(Saved entries)

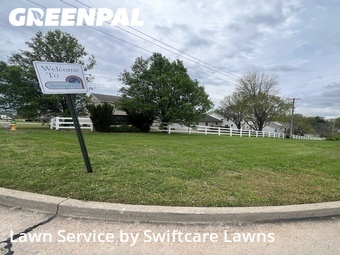 Lawn Mowing Service nearby St. Louis, MO, 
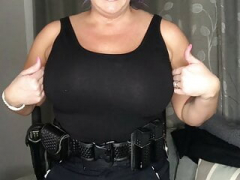 Grosser kitzler, Grosse titten, Spermaladung, Aufs gesicht abspritzen, Fussjob, Polizei, Schlampe, Entkleiden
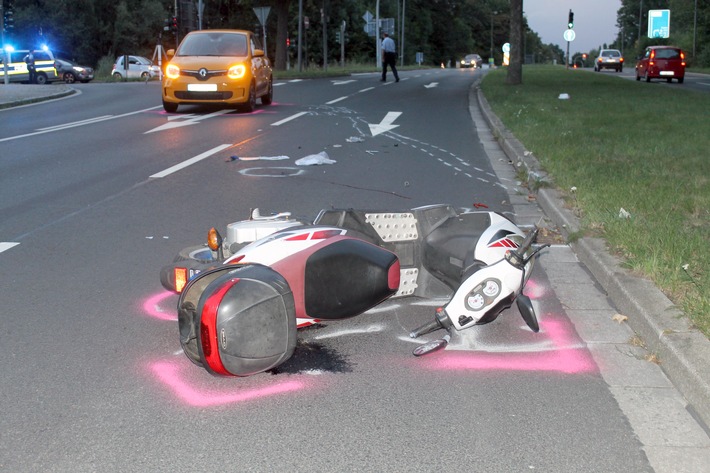 POL-BO: Rollerfahrer (66) bei Unfall schwer verletzt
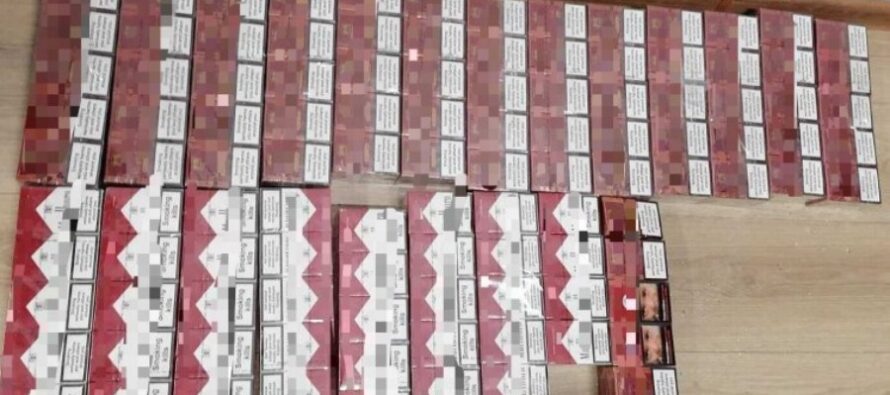 Peste 1.100 de pachete de țigări de contrabandă descoperite în urma unor percheziții domiciliare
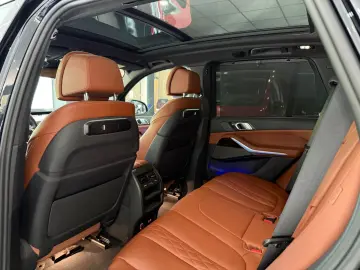 BMW X5 50e xDrive M-PAKET PANO HEADUP LUFT LASER 360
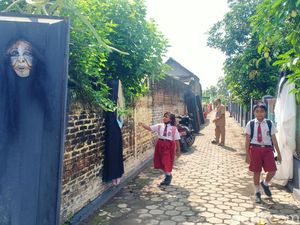 Makam di Madiun yang Dipenuhi Hantu Tak Bikin Nyali Anak-anak Ciut Makam di Madiun yang Dipenuhi Hantu Tak Bikin Nyali Anak-anak Ciut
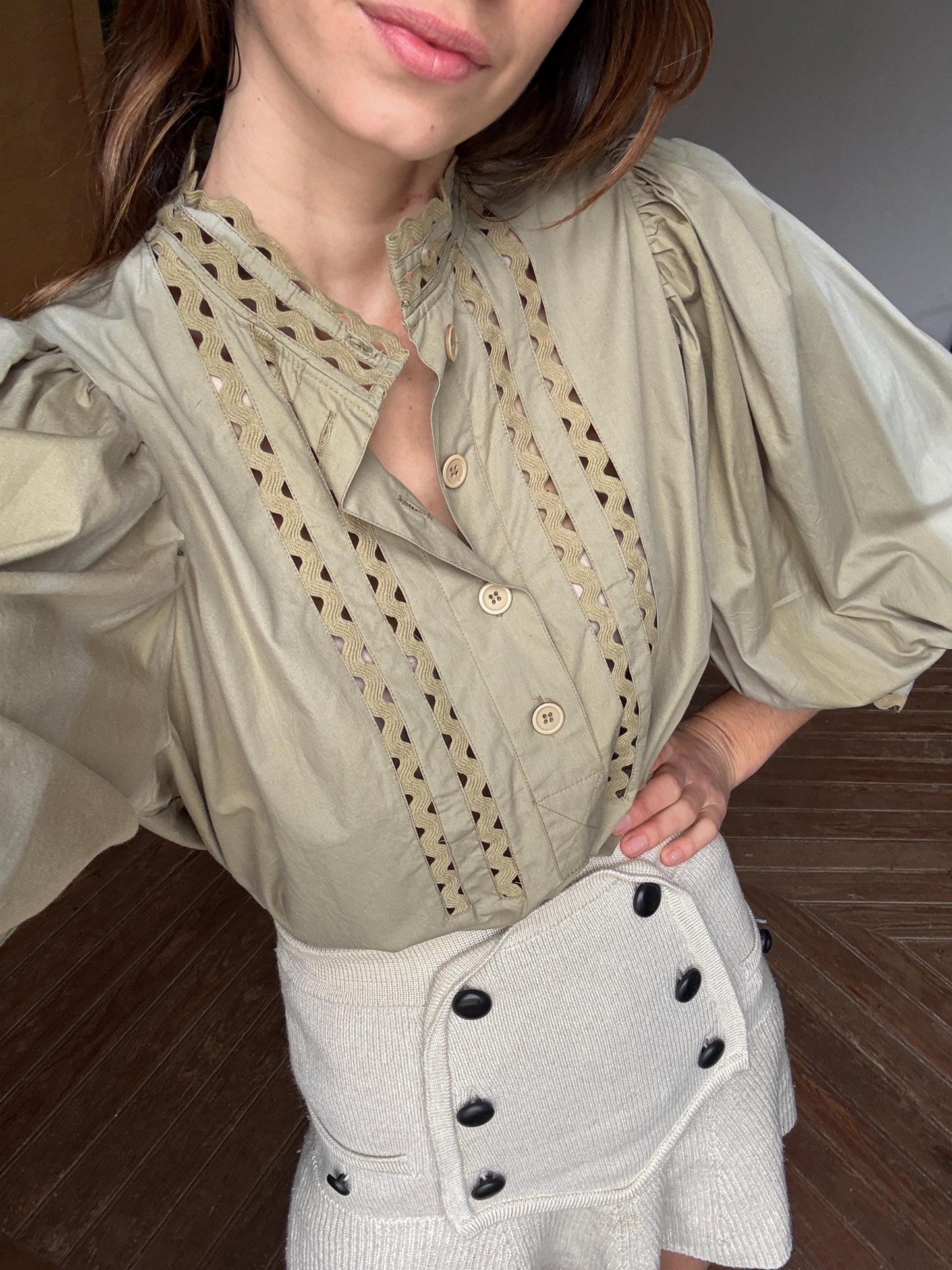 Vintage Antik Batik Statement Blouse – Romantic & Unique Design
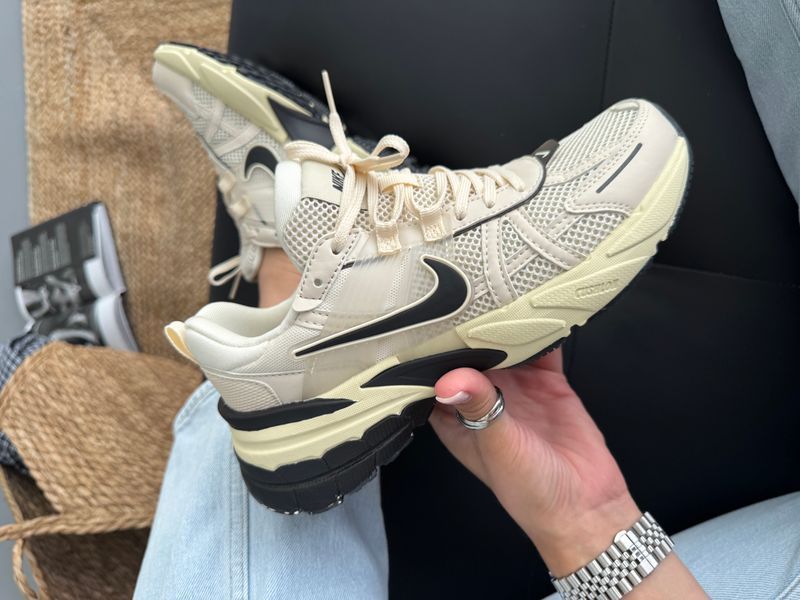 Nike V2K Runtekk Beige/Black nik-0661-1238264 фото
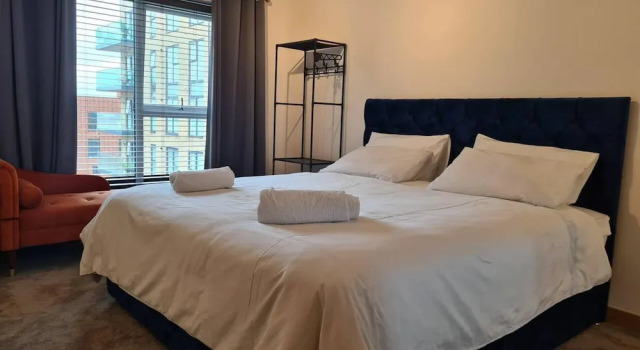 Апартаменты с балконом 1-bed Apartment - Sleeps 3 - Parking - Wifi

▶ Exercise goal:
Word for word, give again the lines from the first entry to the line with "Anak-anak Ciut Makam", inclusive. Exclude the pictures.

▶ Written answer:
 Lawn Mowing Service nearby St. Louis, MO, 
 Grosser kitzler, Grosse titten, Spermaladung, Aufs gesicht abspritzen, Fussjob, Polizei, Schlampe, Entkleiden
 POL-BO: Rollerfahrer (66) bei Unfall schwer verletzt
 Peste 1.100 de pachete de țigări de contrabandă descoperite în urma unor percheziții domiciliare
 BMW X5 50e xDrive M-PAKET PANO HEADUP LUFT LASER 360
 Makam di Madiun yang Dipenuhi Hantu Tak Bikin Nyali Anak-anak Ciut Makam di Madiun yang Dipenuhi Hantu Tak Bikin Nyali Anak-anak Ciut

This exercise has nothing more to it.